**SOURCE INFORMATION**.
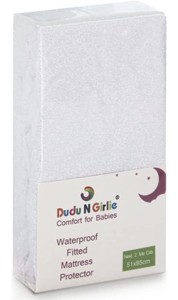 bed sheets for next to me crib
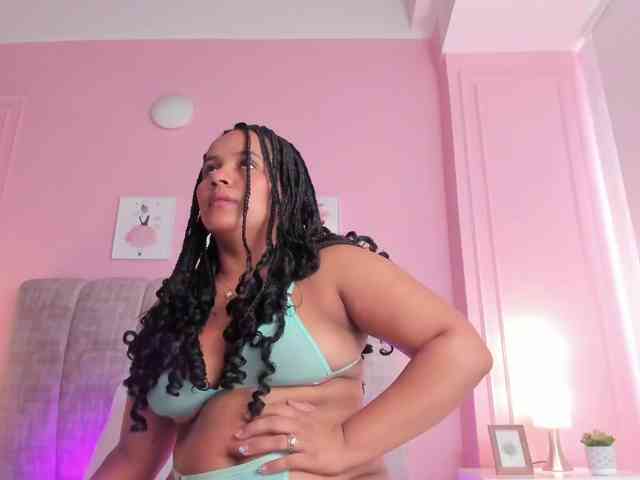 adult sex cam Emma-Velez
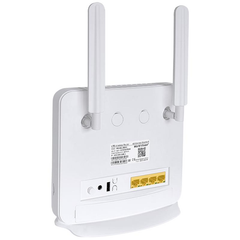 WI-FI４台セット(４ＴＢ) 4G WI-FI комплект 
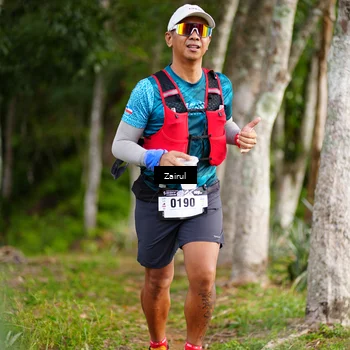Runner Photo 5068457
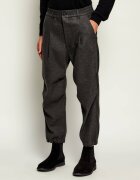 Drykorn Pantaloni chino Lirog_C | Loose fit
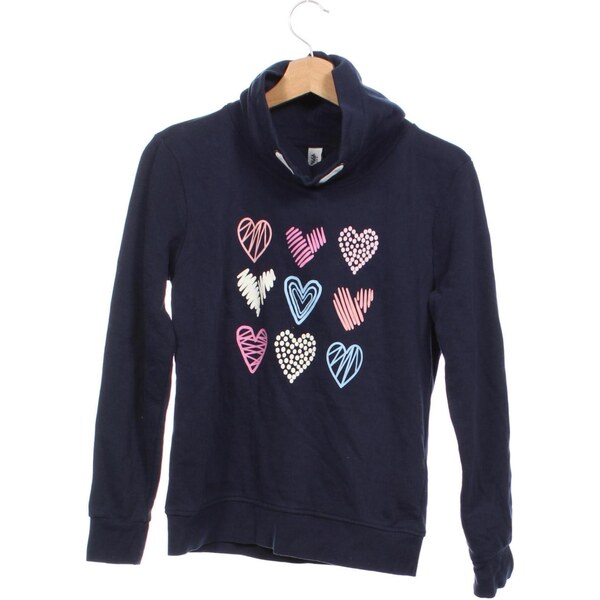 Detská blúzka Yigga 67002063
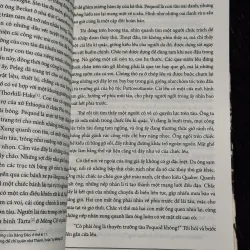 Moby Dick Cá Voi Trắng (bìa cứng)  757235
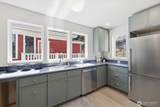 909 32nd Avenue - Photo 12
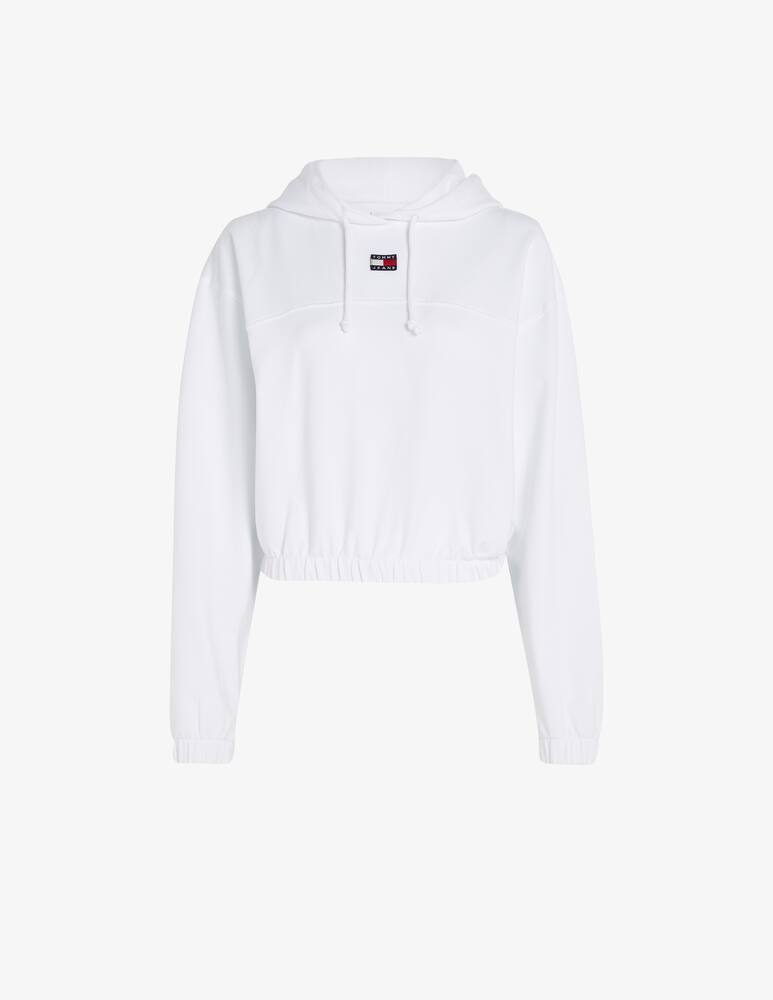 rinascente Tommy Jeans Felpa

**TASK PROMPT**. Retype the records exactly, but skip the pictures.

**TASK RESPONSE**.
 bed sheets for next to me crib
 adult sex cam Emma-Velez
 WI-FI４台セット(４ＴＢ) 4G WI-FI комплект 
Runner Photo 5068457
 Drykorn Pantaloni chino Lirog_C | Loose fit
 Detská blúzka Yigga 67002063
 Moby Dick Cá Voi Trắng (bìa cứng)  757235
 909 32nd Avenue - Photo 12
 rinascente Tommy Jeans Felpa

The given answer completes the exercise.